학술논문

NB-IoT Random Access: Data-Driven Analysis and ML-Based Enhancements
Document Type
Periodical
Source
IEEE Internet of Things Journal IEEE Internet Things J. Internet of Things Journal, IEEE. 8(14):11384-11399 Jul, 2021
Subject
Computing and Processing
Communication, Networking and Broadcast Technologies
Internet of Things
Long Term Evolution
Narrowband
Estimation
Downlink
Synchronization
Frequency conversion
Cellular Internet of Things
empirical analysis
massive machine-type communications (mMTCs)
narrowband Internet of Things (NB-IoT)
random access (RA)
Language
ISSN
2327-4662
2372-2541
Abstract
In the context of massive machine-type communications (mMTCs), the narrowband Internet-of-Things (NB-IoT) technology is envisioned to efficiently and reliably deal with massive device connectivity. Hence, it relies on a tailored random access (RA) procedure, for which theoretical and empirical analyses are needed for a better understanding and further improvements.

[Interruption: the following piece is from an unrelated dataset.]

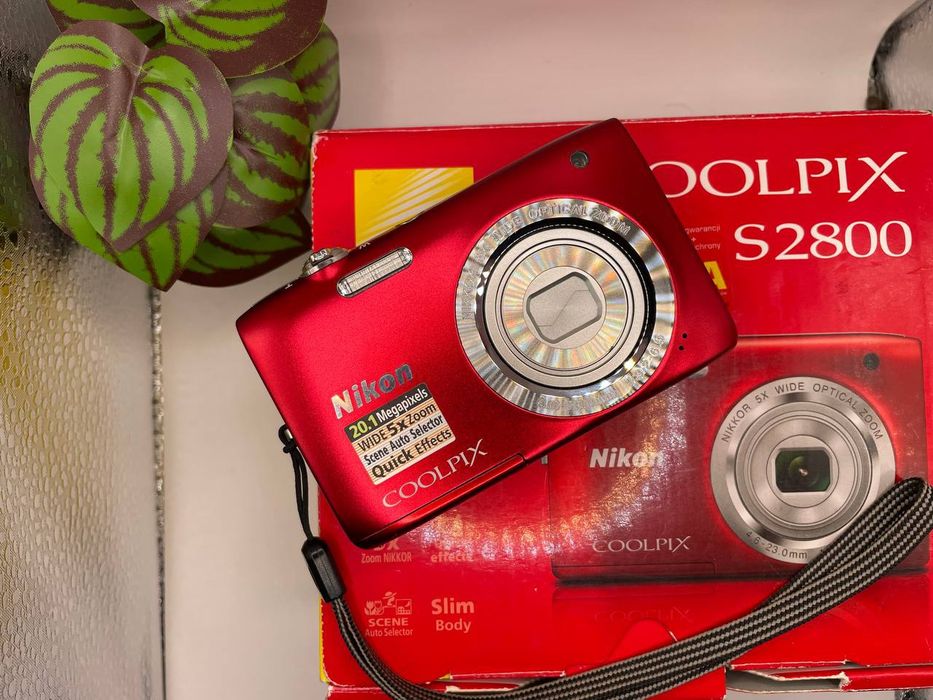 Aparat Nikon Coolpix S2800 – kompletny zestaw, stan bardzo dobry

This article presents the first data-driven analysis of NB-IoT RA, exploiting a large-scale measurement campaign. We show how the RA procedure and performance are affected by network deployment, radio coverage, and operators' configurations, thus complementing simulation-based investigations, mostly focused on massive connectivity aspects. A comparison with the performance requirements reveals the need for procedure enhancements. Hence, we propose a machine learning (ML) approach and show that RA outcomes are predictable with good accuracy by observing radio conditions. We embed the outcome prediction in an RA-enhanced scheme and show that optimized configurations enable power consumption reduction of at least 50%. We also make our data set available for further exploration, toward the discovery of new insights and research perspectives.